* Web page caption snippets
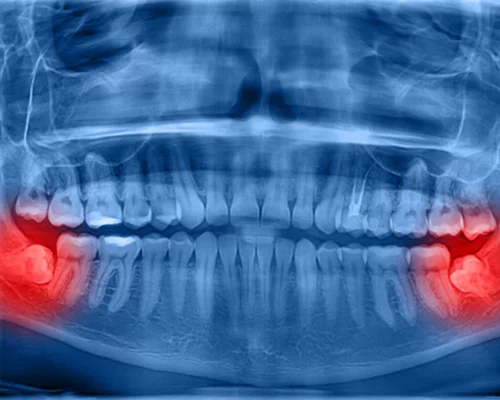 Лечение ретенированных зубов на Damon Q2 и Damon Ultima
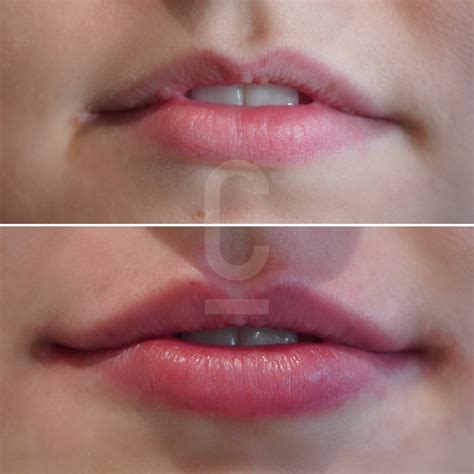 Understanding 1ml Lip Filler Impact - Cosmetic Connection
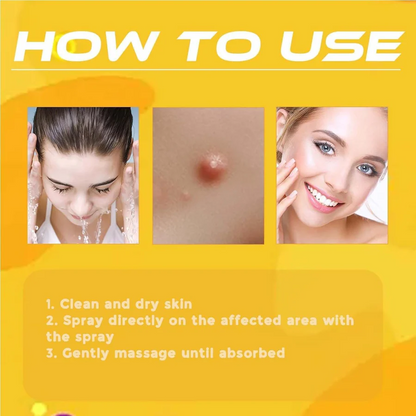 Bee Venom Wart & Skin Tag Remover Spray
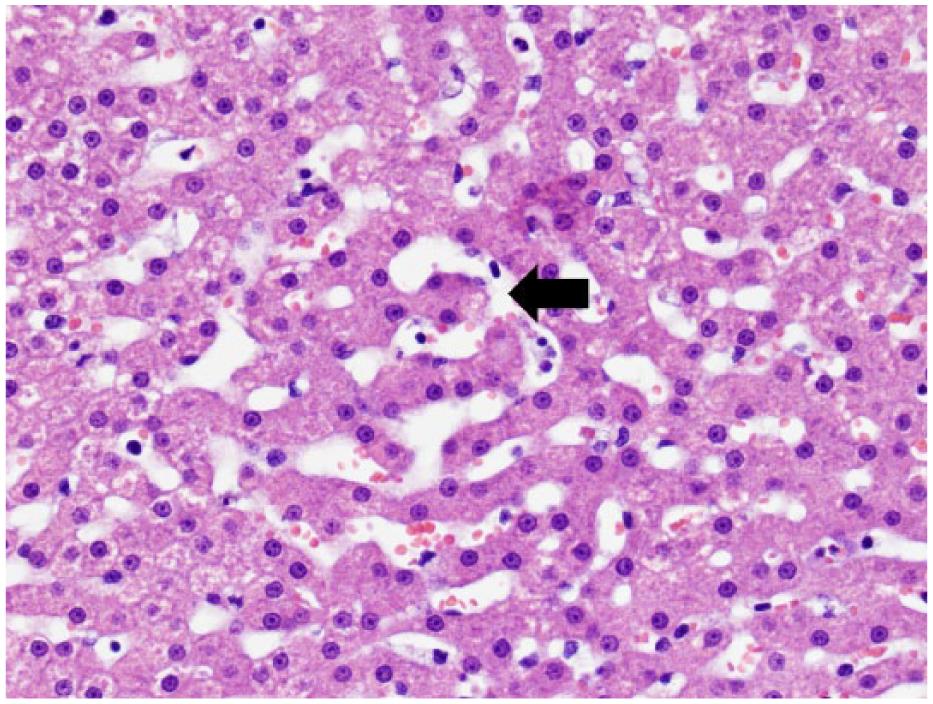 Caroli Types Caroli’s-type ductal plate malformation and a portosystemic shunt in a ...
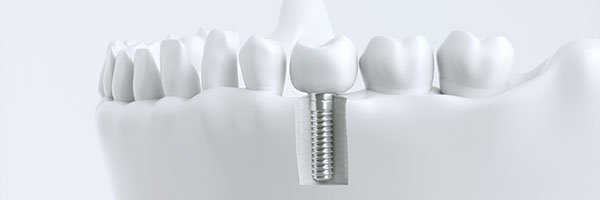 Zahnarztpraxis Dr. Seidel Plauen - Implantologie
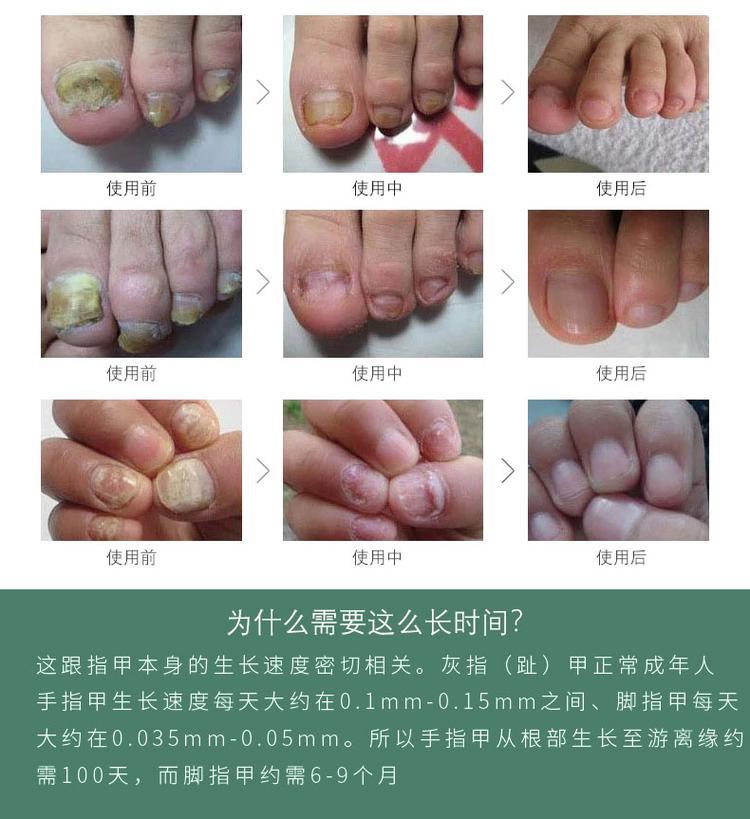 灰指甲抗菌液(圖11) 灰指甲液oem貼牌產品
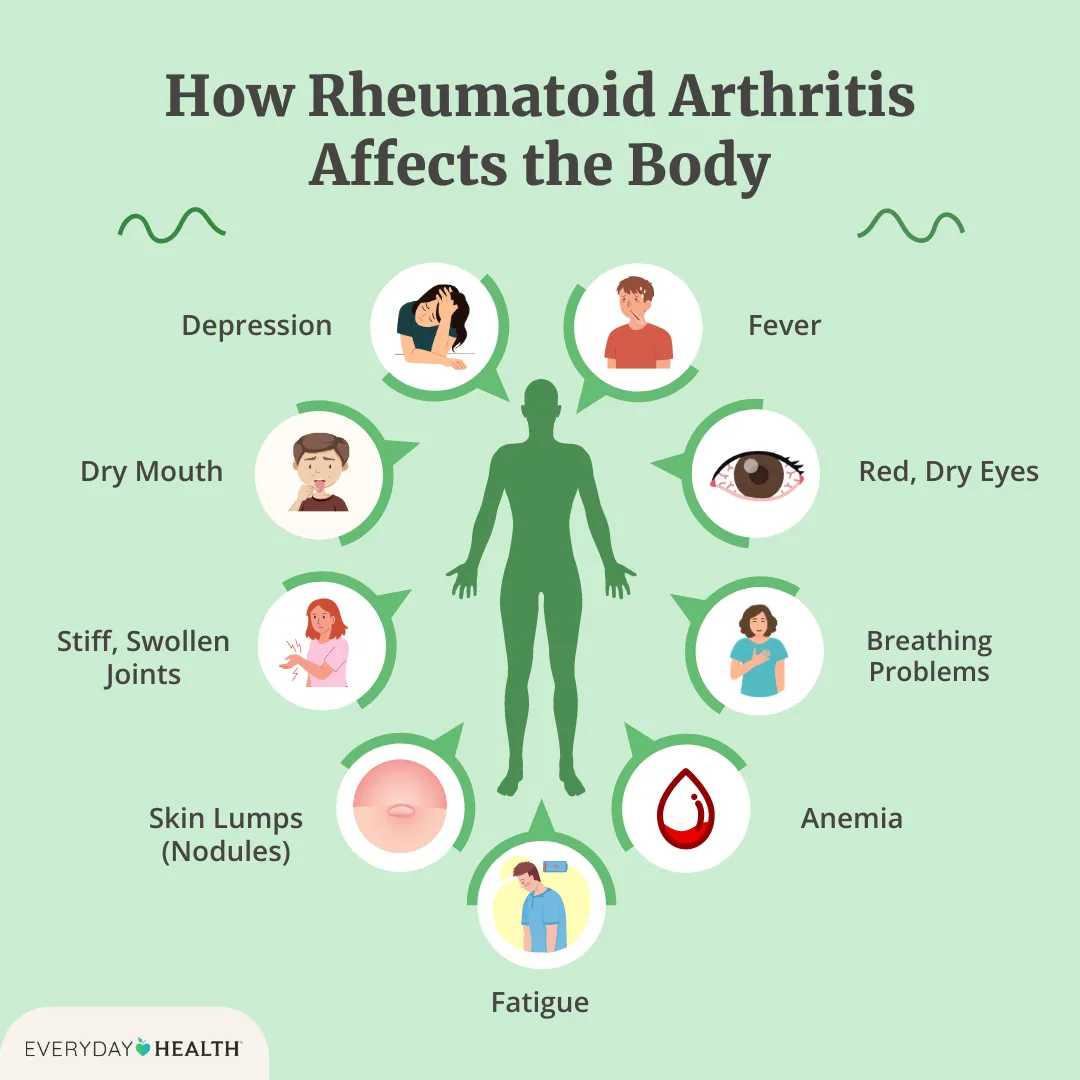 Rheumatoid Arthritis Clinical Presentation Explained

* PROBLEM
Could you transcribe every entry above exactly, leaving out the images?

* COMPLETED EXERCISE
 Лечение ретенированных зубов на Damon Q2 и Damon Ultima
 Understanding 1ml Lip Filler Impact - Cosmetic Connection
 Bee Venom Wart & Skin Tag Remover Spray
 Caroli Types Caroli’s-type ductal plate malformation and a portosystemic shunt in a ...
 Zahnarztpraxis Dr. Seidel Plauen - Implantologie
 灰指甲抗菌液(圖11) 灰指甲液oem貼牌產品
 Rheumatoid Arthritis Clinical Presentation Explained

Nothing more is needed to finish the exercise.